Local Ca 2+ releases enable rapid heart rates in developing cardiomyocytes

The ability to generate homogeneous intracellular Ca 2+ oscillations at high frequency is the basis of the rhythmic contractions of mammalian cardiac myocytes. While the specific mechanisms and structures enabling homogeneous high‐frequency Ca 2+ signals in adult cardiomyocytes are well characterized, it is not known how these kind of Ca 2+ signals are produced in developing cardiomyocytes. Here we investigated the mechanisms reducing spatial and temporal heterogeneity of cytosolic Ca 2+ signals in mouse embryonic ventricular cardiomyocytes. We show that in developing cardiomyocytes the propagating Ca 2+ signals are amplified in cytosol by local Ca 2+ releases. Local releases are based on regular 3‐D sarcoplasmic reticulum (SR) structures containing SR Ca 2+ uptake ATPases (SERCA) and Ca 2+ release channels (ryanodine receptors, RyRs) at regular intervals throughout the cytosol.
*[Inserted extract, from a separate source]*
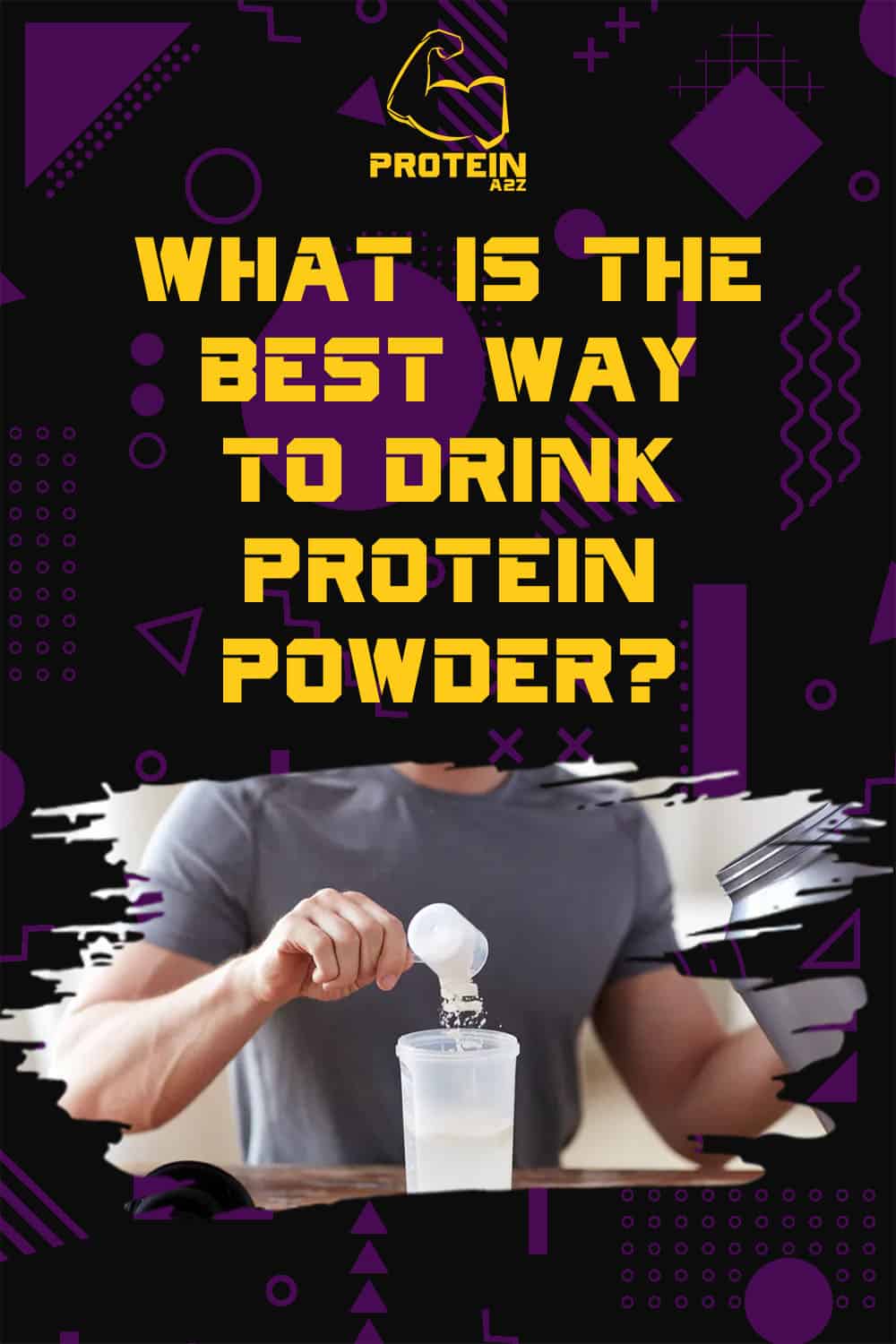 what-is-the-best-way-to-drink-protein-powder-detailed-answer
By evoking [Ca 2+ ] i ‐induced Ca 2+ sparks, the local release sites promote a 3‐fold increase in the cytosolic Ca 2+ propagation speed. We further demonstrate by mathematical modelling that without these local release sites the developing cardiomyocytes lose their ability to generate homogeneous global Ca 2+ signals at a sufficiently high frequency. The mechanism described here is robust and indispensable for normal mammalian cardiomyocyte function from the first heartbeats during the early embryonic phase till terminal differentiation after birth. These results suggest that local cytosolic Ca 2+ releases are indispensable for normal cardiomyocyte development and function of developing heart.